## [Supplied records]
══════
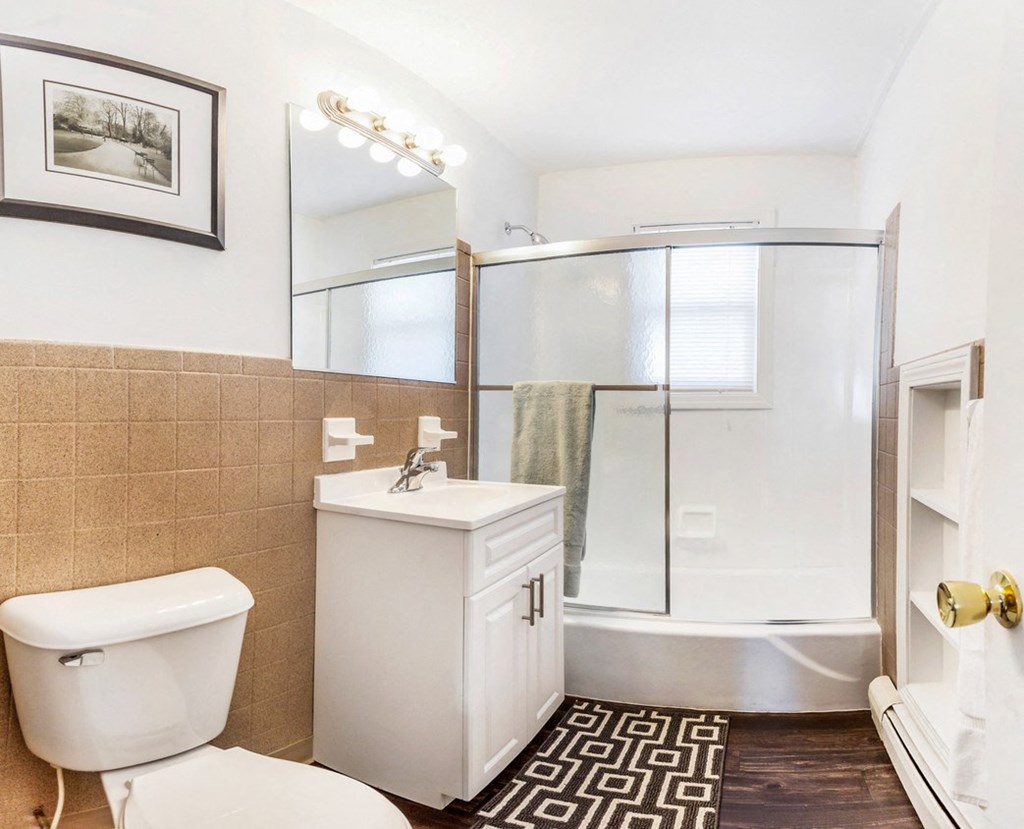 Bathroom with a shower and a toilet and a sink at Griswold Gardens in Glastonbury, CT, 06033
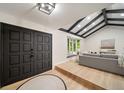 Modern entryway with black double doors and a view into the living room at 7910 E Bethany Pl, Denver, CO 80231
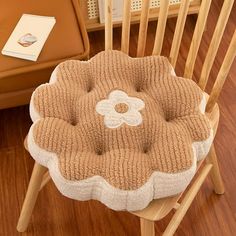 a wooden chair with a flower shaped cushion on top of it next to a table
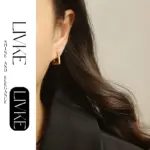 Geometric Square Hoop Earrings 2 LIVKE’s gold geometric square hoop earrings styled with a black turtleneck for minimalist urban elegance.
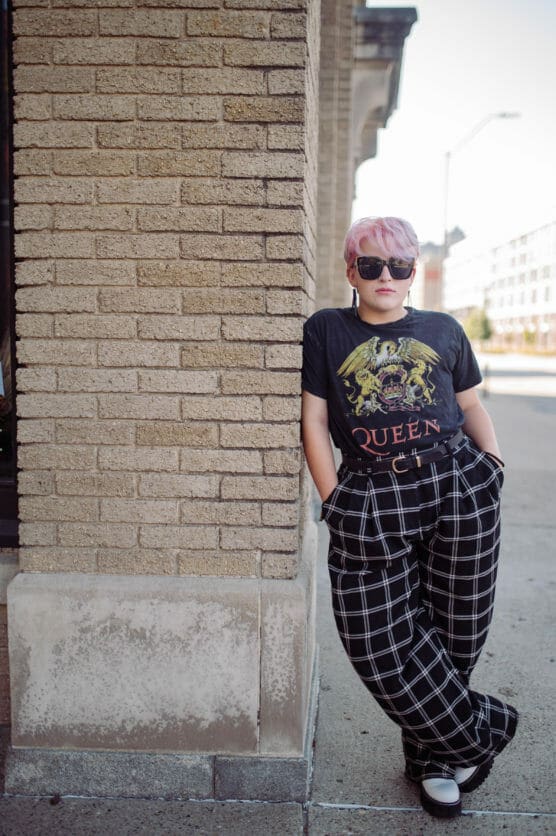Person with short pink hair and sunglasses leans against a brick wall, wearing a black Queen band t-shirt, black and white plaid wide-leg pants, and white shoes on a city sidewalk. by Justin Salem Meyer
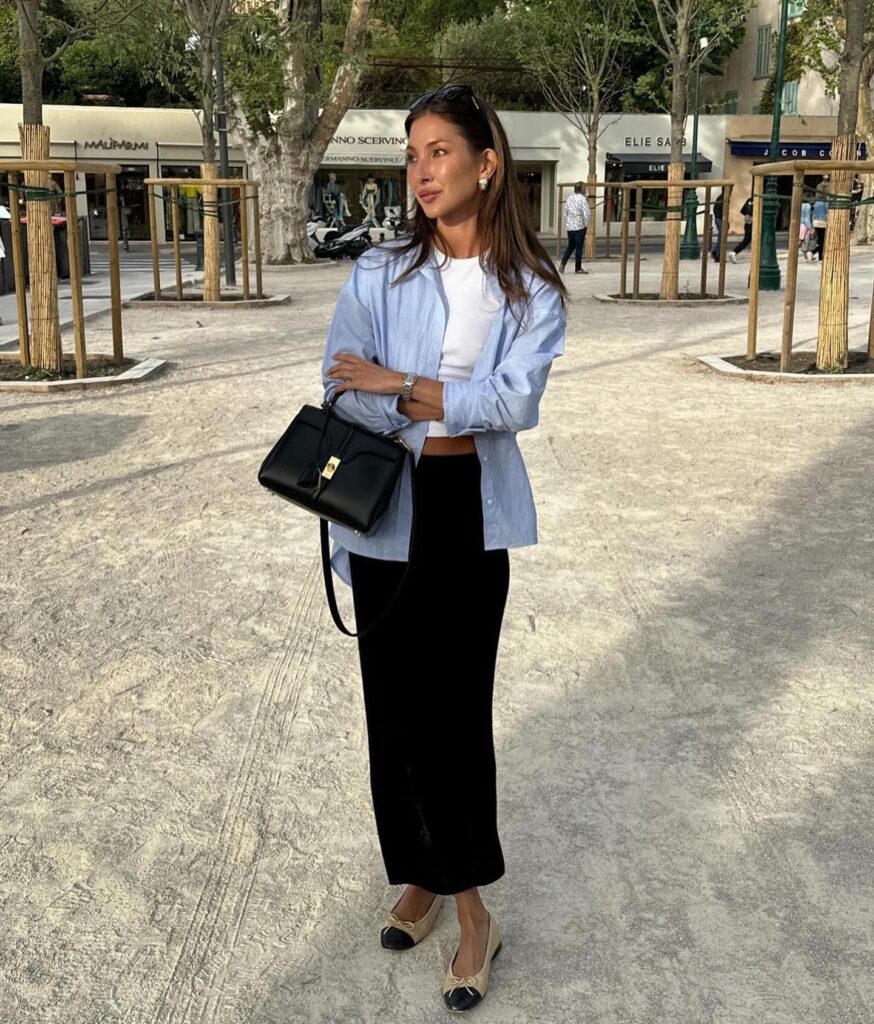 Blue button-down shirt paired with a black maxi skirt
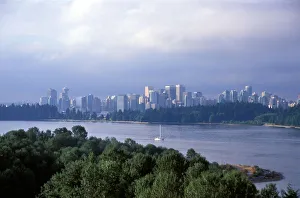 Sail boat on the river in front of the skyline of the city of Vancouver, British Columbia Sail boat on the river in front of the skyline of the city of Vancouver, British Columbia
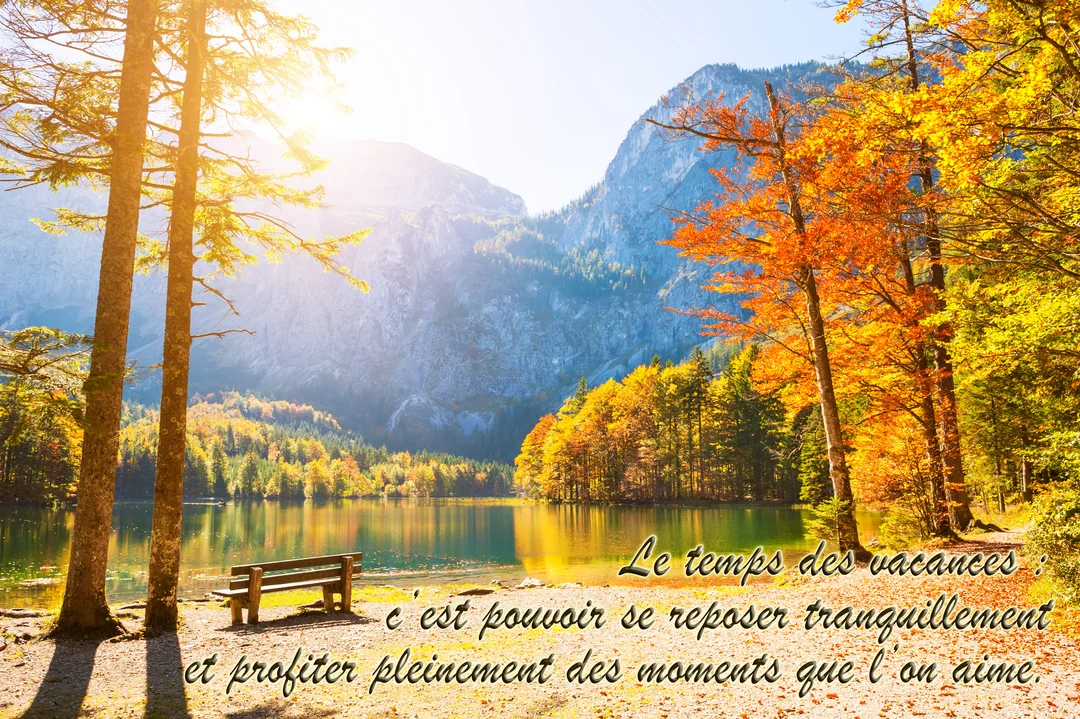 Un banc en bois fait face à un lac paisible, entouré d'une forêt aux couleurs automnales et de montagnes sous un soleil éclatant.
══════
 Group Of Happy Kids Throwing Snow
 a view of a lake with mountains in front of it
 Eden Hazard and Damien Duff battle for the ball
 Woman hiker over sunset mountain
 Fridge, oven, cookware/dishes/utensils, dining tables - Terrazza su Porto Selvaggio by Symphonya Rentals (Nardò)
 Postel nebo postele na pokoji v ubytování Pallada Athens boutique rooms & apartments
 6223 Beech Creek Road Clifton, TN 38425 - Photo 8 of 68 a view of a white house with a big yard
══════
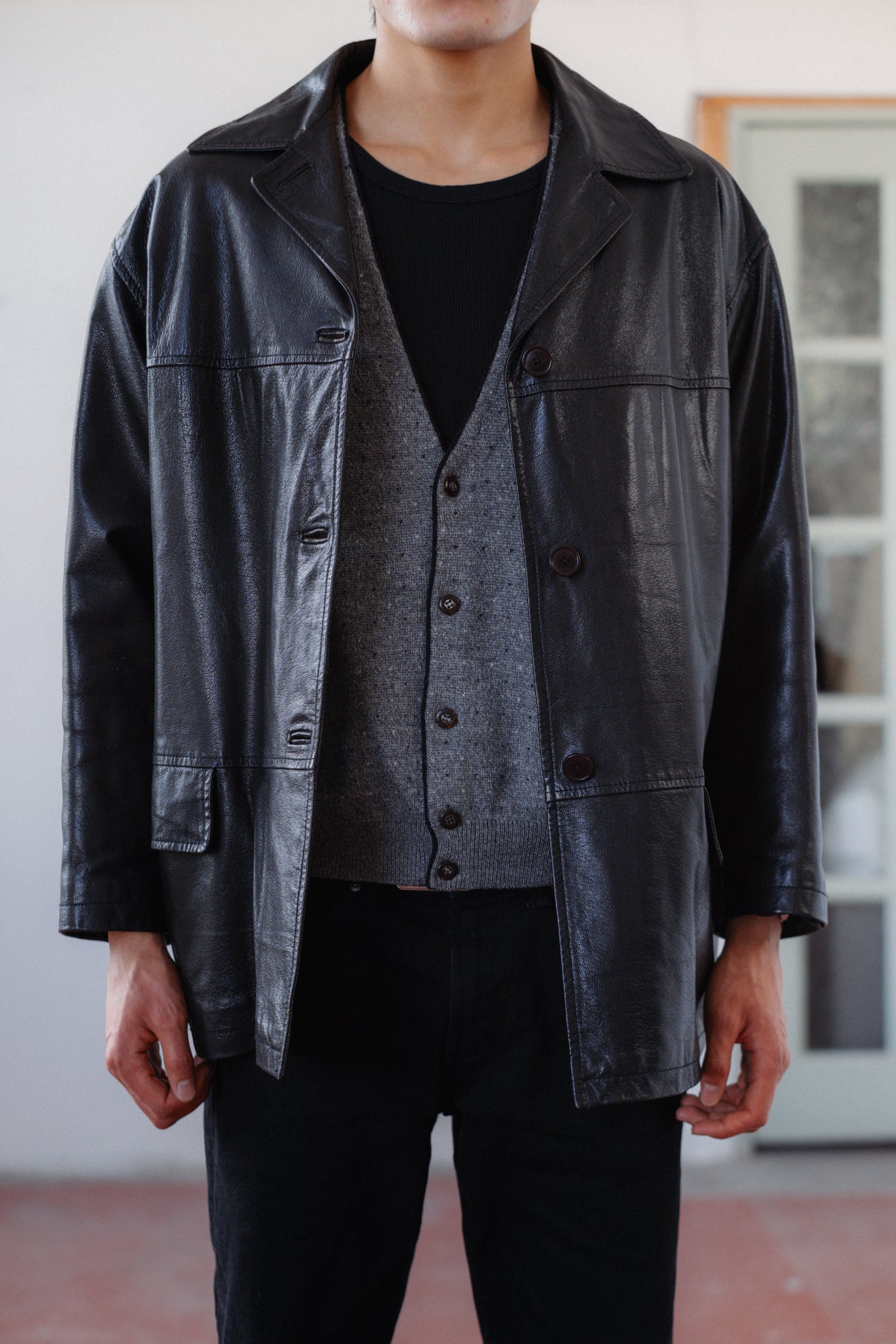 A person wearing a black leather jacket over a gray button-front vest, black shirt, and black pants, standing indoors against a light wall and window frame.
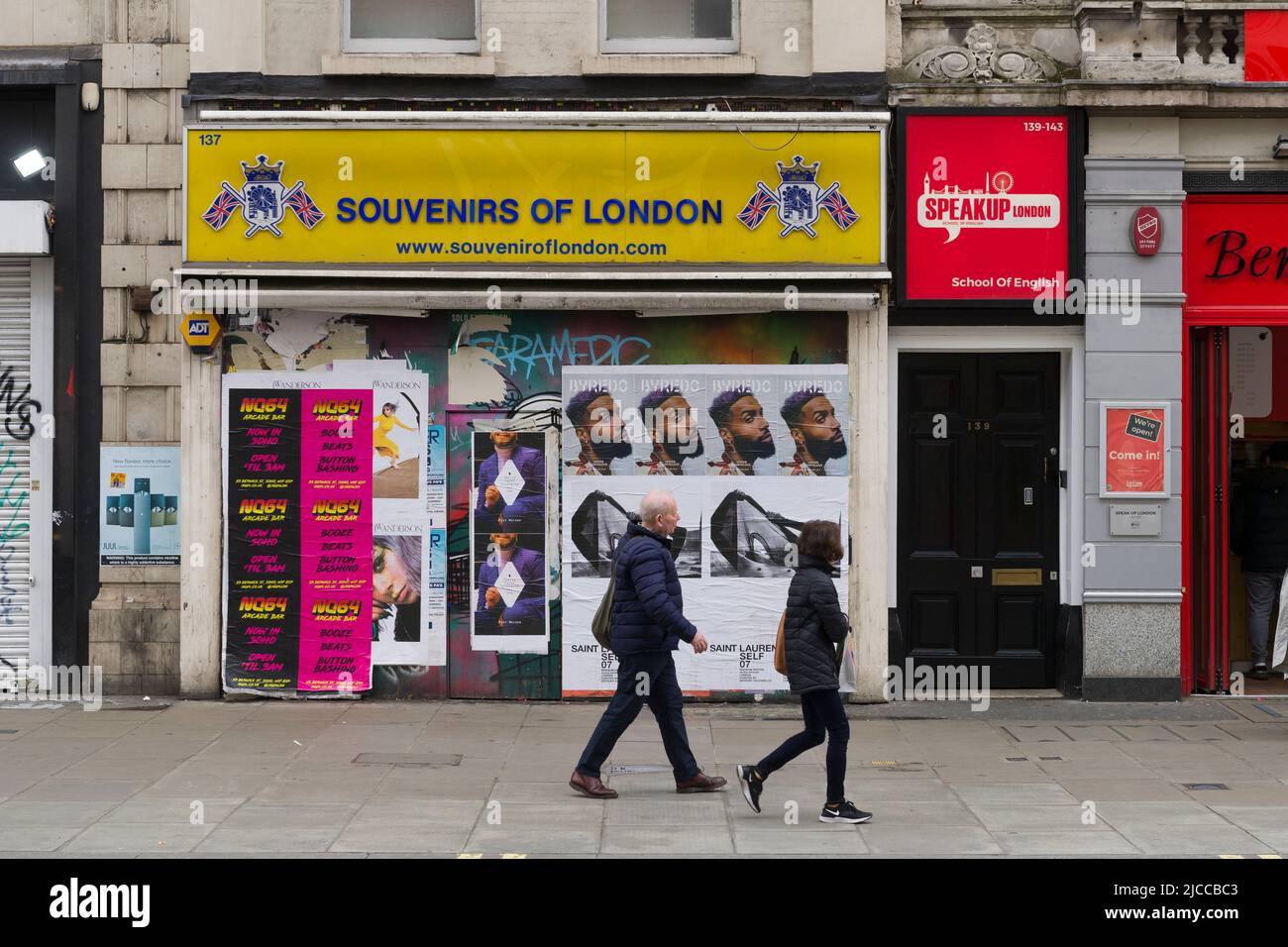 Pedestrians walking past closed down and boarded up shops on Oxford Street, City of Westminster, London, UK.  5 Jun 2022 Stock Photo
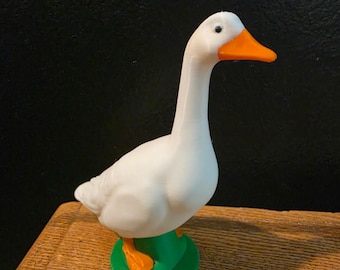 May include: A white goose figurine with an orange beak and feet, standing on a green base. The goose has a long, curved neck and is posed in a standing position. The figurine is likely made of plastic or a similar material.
══════
## [Directions for this task]
In the listing above, find the line containing "Modern entryway with". Output it and every line after it up to and including the line containing "Person with short", exactly, but skip the pictures.

## [Answer for the task]
 Modern entryway with black double doors and a view into the living room at 7910 E Bethany Pl, Denver, CO 80231
 a wooden chair with a flower shaped cushion on top of it next to a table
 Geometric Square Hoop Earrings 2 LIVKE’s gold geometric square hoop earrings styled with a black turtleneck for minimalist urban elegance.
Person with short pink hair and sunglasses leans against a brick wall, wearing a black Queen band t-shirt, black and white plaid wide-leg pants, and white shoes on a city sidewalk. by Justin Salem Meyer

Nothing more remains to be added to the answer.